COMUNICATO STAMPA – Il 22 agosto 2019 Antonio Galloni ha pubblicato il suo rapporto annuale sul Chianti Classico, scrivendo con tale vigore che il rispettato critico quasi fatica a contenere il suo entusiasmo: «Non ricordo l’ultima volta in cui sono stato così entusiasta del Chianti Classico e dei suoi vini» è stata la frase che ha attirato l’attenzione su quello che si sarebbe rivelato un resoconto memorabile del presente e del futuro di uno dei territori più famosi e amati della viticoltura italiana.

Dopo una visita approfondita in azienda nel mese di luglio, la recensione su Castello di Ama è stata contrassegnata da una sola parola: eccezionale. La cosiddetta “edizione memorabile” del 100% Merlot L’Apparita di Ama si è rivelata la più degna di nota. Premiata con un punteggio senza precedenti di 100 punti, è indicata come «uno dei vini più maestosi e visceralmente emozionanti che abbia mai assaggiato qui». Parole preziose anche per una delle cantine più ammirate della denominazione, con una storia di ripetuti successi nelle mani di Lorenza Sebasti e dell’enologo Marco Pallanti.

L’Apparita, in molti modi, racconta la storia della carriera di Pallanti, che arrivò ad Ama nel 1982, dopo aver avuto come tutor il leggendario e compianto Patrick Léon, all’epoca enologo in-chief di Château Mouton-Rothschild. In Léon, Pallanti trovò un mentore che seppe infondergli un’infinita passione per il savoir-faire francese, sia nei vigneti che in cantina.

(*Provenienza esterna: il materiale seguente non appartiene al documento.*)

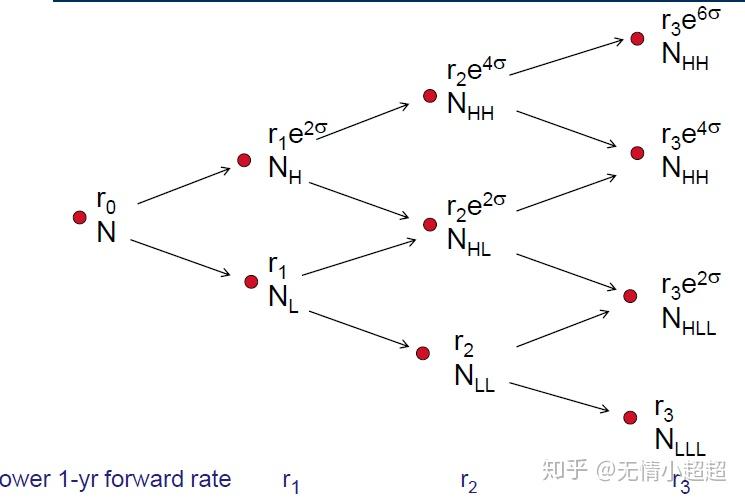 valuing a callable bond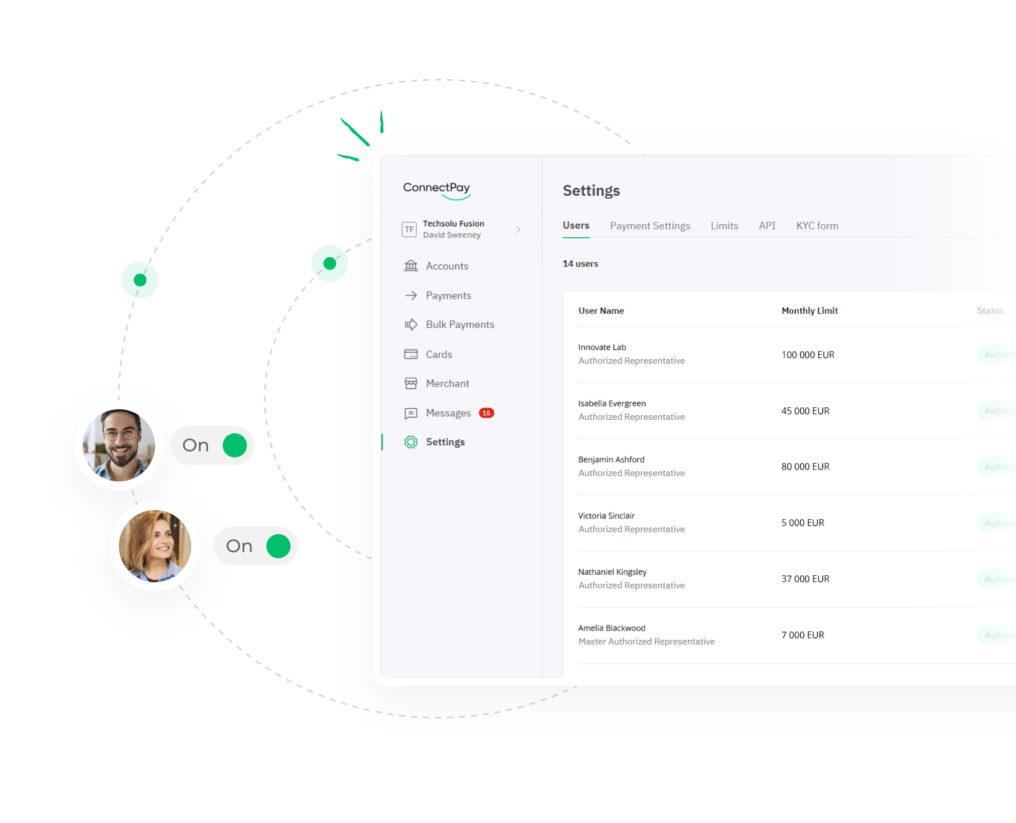 Online Banking Platform for Business | Digital Banking Software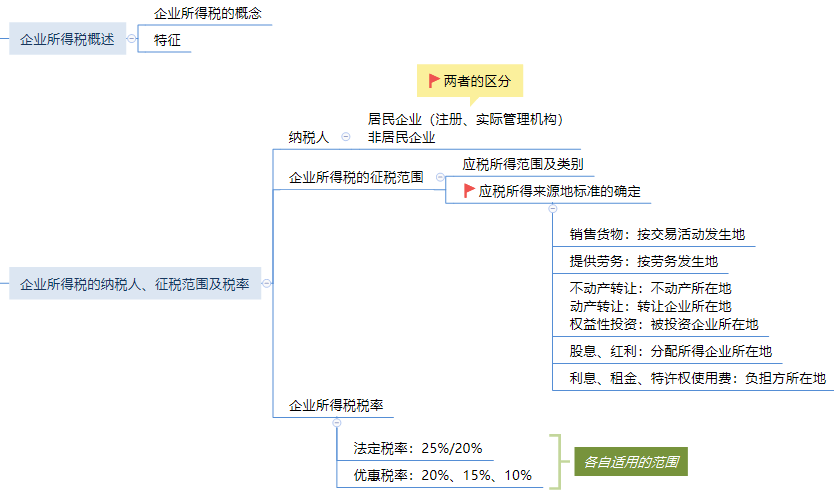 第七章 企業(yè)所得稅法律制度思維導(dǎo)圖.png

Apparita è un nome che deriva dalla toponomastica del luogo, a un’altitudine di quasi 500 metri; le preziose parcelle che producono le uve che alimentano questo vino si trovano nella parte più alta del Vigneto Bellavista, da cui è possibile vedere – o, come si dice in Toscana, “apparire”, nelle giornate limpide – Siena. Le parcelle del vigneto destinate al Merlot occupano poco meno di 3 ettari e furono impiantate con il clone 342 del Merlot tra il 1982 e il 1985, cioè proprio nei primi tre anni di Marco Pallanti a Castello di Ama.

Appassionato di filosofia e fervido cultore di arte contemporanea, Pallanti è un guru unico nel suo genere. È uno degli enologi più rispettati del Chianti Classico, un territorio in cui non mancano certo i grandi talenti. Sui primi 100 punti assegnati a un suo vino, Pallanti dice: «Quando è che un’opera d’arte può dirsi completa? Quando ogni nuova aggiunta mantiene quell’armonia che la rende perfetta. Ogni altra cosa diventa troppo. Il vino è la personificazione di un sentimento. È soltanto amore e sensibilità, cioè conoscenza convertita in passione, per cui sono molto onorato che un giornalista tra i migliori al mondo ritenga che un mio vino abbia raggiunto quell’equilibrio perfetto che ricerco ogni anno, ma che solo talvolta si realizza».